佐藤浩市渡辺謙吉岡秀隆ら名優が体現したのは、原発事故に挑む職員のリアルな姿...映画「Fukushima 50」

俳優

(C)2020「Fukushima 50」製作委員会

佐藤が演じるのは、第一運転管理部・当直長の伊崎利夫。壁一面に計器が並んだ中央制御室で、数値を見ながら原発の状態を把握し、正常かつ安全な運転がなされるよう指揮する責任ある役職だ。

物語は地震発生から始まり、大きな揺れに中央制御室は混乱に陥る。
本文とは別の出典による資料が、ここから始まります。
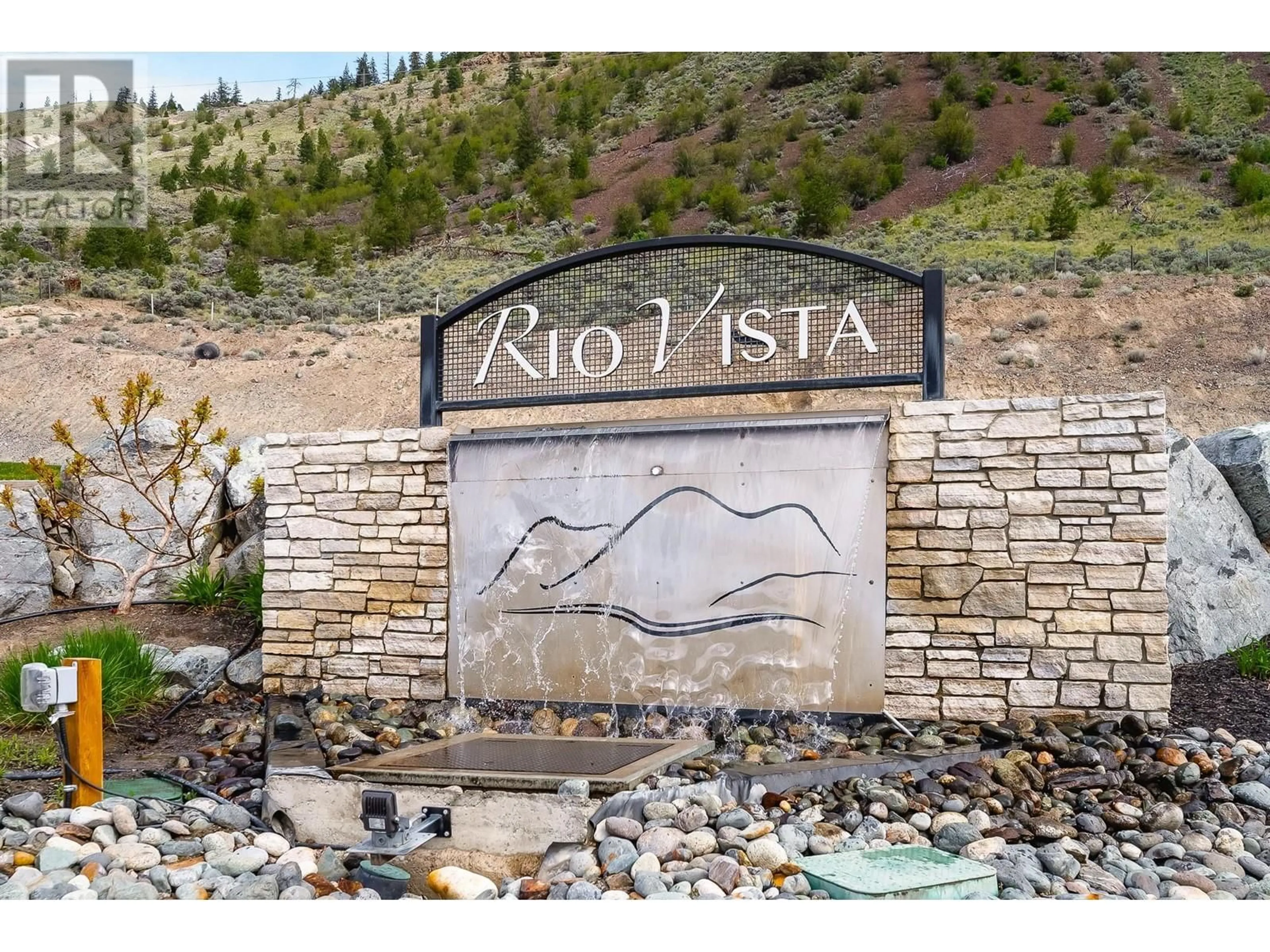 Rustic kitchen, ceramic/tile floor for 4004 RIO VISTA WAY OTHER, Kamloops British Columbia V2H0E1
伊崎ら作業員の戦いも、そこから始まる。津波が原因で電源が喪失した時には、伊崎は蒼白となって視線を泳がせ、格納容器の圧力を下げるベントを開くためのメンバーを募る時には、重苦しい表情となる。そういったシーンでは佐藤の熱演によって、現場の緊迫感と、危険と隣り合わせの状況がストレートに伝わってくる。

ベントを開けに行った者が帰還した時の歓喜の表情や、家族の名前が書かれたメモを見つめる時の虚ろなまなざしなど、伊崎の人間味が感じられるシーンも随所にある。そういったシーンを見るにつけ、仲間を、人々を守るという伊崎の強い想いが伝わってきて、思わず胸が熱くなってしまう。

■本店、政府の横槍と安全確保の間で苦闘する所長を、渡辺謙が迫真の演技で魅せる

(C)2020「Fukushima 50」製作委員会

渡辺が演じるのは福島第一原発の所長・吉田昌郎。吉田は緊急対策室からさまざまな方面に指示を出すが、事態は思うように進まない。非常電源が停止した時は、どうすべきか焦燥に駆られた様子を見せ、原子炉を冷却するために消防車を使うと決めた時は、険しい表情で声を荒げる。

所長としての立場もあって、吉田には、伊崎とはまた違った苦難が立ちはだかる。現場を考慮しない、電力会社と政府からの理不尽な指示だ。ベントを開こうという時に、首相が視察に行くから開くなと指示が来たり、海水を冷却水として注水すれば、それを止めろという。そのたびに吉田は、苛立ったような表情を見せ、怒りを露わにする。そんな吉田の姿からは、伊崎と同じく、メルトダウンを止めたいという必死さ、また本店と政府への憤りが痛いほどに伝わってくる。それをスクリーンの中で切に体現する渡辺の演技には、感服するほかない。